As Benjamin Disraeli, or perhaps Mark Twain, may have said: There are lies, damned lies and statistics, but when it comes to the latter, one of my favorites is 1%.

It doesn’t just represent the expression of one out of every hundred; it’s also smaller than the amount commonly accepted as an acceptable margin of error.

In the state of Indiana, 1% describes the market penetration of the state’s 40 craft brewing companies. Add every other craft beer, including the line-straddling Sam Adams, and every other import (Corona and Heineken, too), and the percentage rises to somewhere between 5% and 7%, meaning that while youngsters like Adam Watson slap themselves on the back over “winning” the battle against the macro-brew monopoly, the forces of the empire of wet air outnumber us roughly 95 to 5 – and it bothers me to think that my chosen professional life exists within an error’s tiny margin.

I have neither lies nor statistics to cite about the situation in Kentucky, but judging from my professional drinking experiences in yonder hinterlands of the Commonwealth since long before Adam was born, I suspect 1% – 5% isn’t very far off the mark there, either.

Like in most such instances, there are grains of truth in my esteemed colleague’s assertions, albeit far too few to make a mash for anything other than small beer. True, many craft lovers take their newfound abundance of choice for granted. Then again, so did millions of drinkers prior to Prohibition – and look how that turned out.

The fact that remains that owing to the reigning swillocracy’s own corporatist, monopolistic, non-level playing field tactics, as well as the predictable reaction to these real world machinations on the part of religious nuts, do-gooders and health fascists eager to legislate against the swillocracy’s macro-sized excesses, craft brewers must struggle for market share against both the default olfactory dullness of a general populace conditioned by decades of Goebbelsian propaganda, and also distribution and regulatory systems backed by the big boys who can afford the legal advice.

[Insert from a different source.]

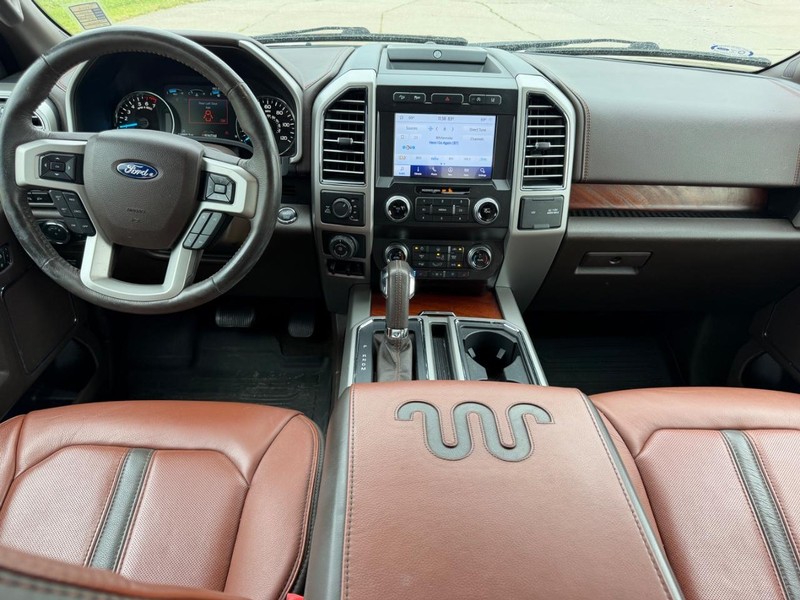 Ford F-150 Vehicle Full-screen Gallery Image 8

Moreover, as a recent victim of law school, Adam should know that the convoluted regulatory morass governing the brewing business derives from society’s collective wish to hogtie those entities it judges to be responsible for alcohol’s societal ills – namely, macro-brewing. Prohibition came about for similar reasons, and is not out of the question even today.

I disagree with the politics of the late Republican office holder Barry Goldwater, but his famous maxim can be adapted to encapsulate my attitude toward the fight: “Extremism in the defense of good beer is no vice … (and) moderation in the pursuit of even better beer is no virtue!

Or, at least place my “demonization” in the proper context: Detest the watery swill, love the misplaced swill drinker.